• [What to produce]
Copy each line from the listing below where the word "Begagnad" shows up.

>>>

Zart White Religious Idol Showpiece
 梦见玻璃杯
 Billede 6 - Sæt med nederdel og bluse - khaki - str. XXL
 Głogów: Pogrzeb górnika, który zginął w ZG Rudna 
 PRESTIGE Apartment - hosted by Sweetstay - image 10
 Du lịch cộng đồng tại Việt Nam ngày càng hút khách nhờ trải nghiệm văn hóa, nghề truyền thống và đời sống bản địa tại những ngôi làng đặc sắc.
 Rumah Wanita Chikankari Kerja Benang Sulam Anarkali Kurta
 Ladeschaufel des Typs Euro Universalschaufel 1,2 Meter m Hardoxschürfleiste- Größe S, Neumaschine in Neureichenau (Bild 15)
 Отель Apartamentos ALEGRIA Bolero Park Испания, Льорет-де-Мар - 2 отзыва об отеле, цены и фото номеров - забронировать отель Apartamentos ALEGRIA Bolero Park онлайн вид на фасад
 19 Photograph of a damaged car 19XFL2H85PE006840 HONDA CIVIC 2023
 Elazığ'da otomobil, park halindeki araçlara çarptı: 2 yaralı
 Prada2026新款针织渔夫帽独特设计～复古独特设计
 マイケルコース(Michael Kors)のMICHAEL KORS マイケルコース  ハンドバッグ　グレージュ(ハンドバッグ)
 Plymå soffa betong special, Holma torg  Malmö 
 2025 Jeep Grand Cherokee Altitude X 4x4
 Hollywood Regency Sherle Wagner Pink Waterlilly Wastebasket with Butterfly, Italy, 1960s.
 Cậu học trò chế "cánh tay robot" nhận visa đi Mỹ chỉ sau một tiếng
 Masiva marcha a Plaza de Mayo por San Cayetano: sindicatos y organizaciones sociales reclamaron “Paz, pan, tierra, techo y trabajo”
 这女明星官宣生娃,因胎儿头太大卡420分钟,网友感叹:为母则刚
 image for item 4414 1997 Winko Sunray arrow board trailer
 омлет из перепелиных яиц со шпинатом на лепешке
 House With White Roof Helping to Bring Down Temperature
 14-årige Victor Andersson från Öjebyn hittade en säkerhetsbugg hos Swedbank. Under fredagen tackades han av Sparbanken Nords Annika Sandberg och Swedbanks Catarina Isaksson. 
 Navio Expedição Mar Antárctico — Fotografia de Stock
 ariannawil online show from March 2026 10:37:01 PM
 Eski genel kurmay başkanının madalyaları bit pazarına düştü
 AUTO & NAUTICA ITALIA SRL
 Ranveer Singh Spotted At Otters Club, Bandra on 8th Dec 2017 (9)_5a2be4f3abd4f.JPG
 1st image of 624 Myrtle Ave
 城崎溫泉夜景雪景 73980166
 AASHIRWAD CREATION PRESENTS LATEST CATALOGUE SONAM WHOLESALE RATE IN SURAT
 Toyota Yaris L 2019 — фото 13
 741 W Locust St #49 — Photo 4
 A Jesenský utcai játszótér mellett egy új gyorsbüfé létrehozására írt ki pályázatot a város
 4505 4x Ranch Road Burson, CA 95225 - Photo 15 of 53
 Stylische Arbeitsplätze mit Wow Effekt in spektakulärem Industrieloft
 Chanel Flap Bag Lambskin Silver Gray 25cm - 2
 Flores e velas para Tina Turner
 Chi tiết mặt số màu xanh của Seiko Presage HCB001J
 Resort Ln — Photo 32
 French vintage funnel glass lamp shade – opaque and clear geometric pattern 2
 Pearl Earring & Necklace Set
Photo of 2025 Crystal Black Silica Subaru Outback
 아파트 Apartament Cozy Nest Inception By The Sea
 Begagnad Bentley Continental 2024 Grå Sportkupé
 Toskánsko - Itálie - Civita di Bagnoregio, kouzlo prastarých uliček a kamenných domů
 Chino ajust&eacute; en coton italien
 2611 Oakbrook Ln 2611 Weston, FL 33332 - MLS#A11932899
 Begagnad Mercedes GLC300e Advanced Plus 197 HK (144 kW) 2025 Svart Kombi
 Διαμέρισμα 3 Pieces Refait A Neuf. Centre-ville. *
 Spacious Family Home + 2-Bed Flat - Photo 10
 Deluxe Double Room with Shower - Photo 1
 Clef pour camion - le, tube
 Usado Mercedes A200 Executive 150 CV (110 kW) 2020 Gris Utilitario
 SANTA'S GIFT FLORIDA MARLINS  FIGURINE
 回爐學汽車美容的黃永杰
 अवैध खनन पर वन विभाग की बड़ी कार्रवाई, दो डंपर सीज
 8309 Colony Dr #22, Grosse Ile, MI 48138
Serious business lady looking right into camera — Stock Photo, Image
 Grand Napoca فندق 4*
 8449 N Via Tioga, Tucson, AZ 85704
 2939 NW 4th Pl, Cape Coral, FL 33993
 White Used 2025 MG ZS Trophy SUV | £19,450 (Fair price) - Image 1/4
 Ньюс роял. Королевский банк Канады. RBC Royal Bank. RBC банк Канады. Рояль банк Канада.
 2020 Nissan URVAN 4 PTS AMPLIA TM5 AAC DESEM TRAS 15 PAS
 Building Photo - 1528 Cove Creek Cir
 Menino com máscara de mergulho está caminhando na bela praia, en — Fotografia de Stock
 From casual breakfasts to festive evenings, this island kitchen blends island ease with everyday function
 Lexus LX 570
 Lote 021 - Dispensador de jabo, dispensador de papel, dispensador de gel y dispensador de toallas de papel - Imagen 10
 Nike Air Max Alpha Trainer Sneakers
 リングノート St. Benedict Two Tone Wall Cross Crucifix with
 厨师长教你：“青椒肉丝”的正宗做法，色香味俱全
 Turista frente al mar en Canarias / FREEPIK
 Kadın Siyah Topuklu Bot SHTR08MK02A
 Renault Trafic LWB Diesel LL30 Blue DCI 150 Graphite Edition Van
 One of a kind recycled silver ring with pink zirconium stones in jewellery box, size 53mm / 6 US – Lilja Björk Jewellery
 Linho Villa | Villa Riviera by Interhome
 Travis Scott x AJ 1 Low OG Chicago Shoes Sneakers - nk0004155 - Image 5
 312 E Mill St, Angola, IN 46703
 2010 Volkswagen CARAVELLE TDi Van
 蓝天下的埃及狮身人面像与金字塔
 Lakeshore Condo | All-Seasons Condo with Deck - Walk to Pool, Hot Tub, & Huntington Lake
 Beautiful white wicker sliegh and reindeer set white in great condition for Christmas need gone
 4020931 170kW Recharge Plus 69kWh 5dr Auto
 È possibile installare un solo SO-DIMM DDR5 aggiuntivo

<<<

• [Result of the exercise]
 Begagnad Bentley Continental 2024 Grå Sportkupé
 Begagnad Mercedes GLC300e Advanced Plus 197 HK (144 kW) 2025 Svart Kombi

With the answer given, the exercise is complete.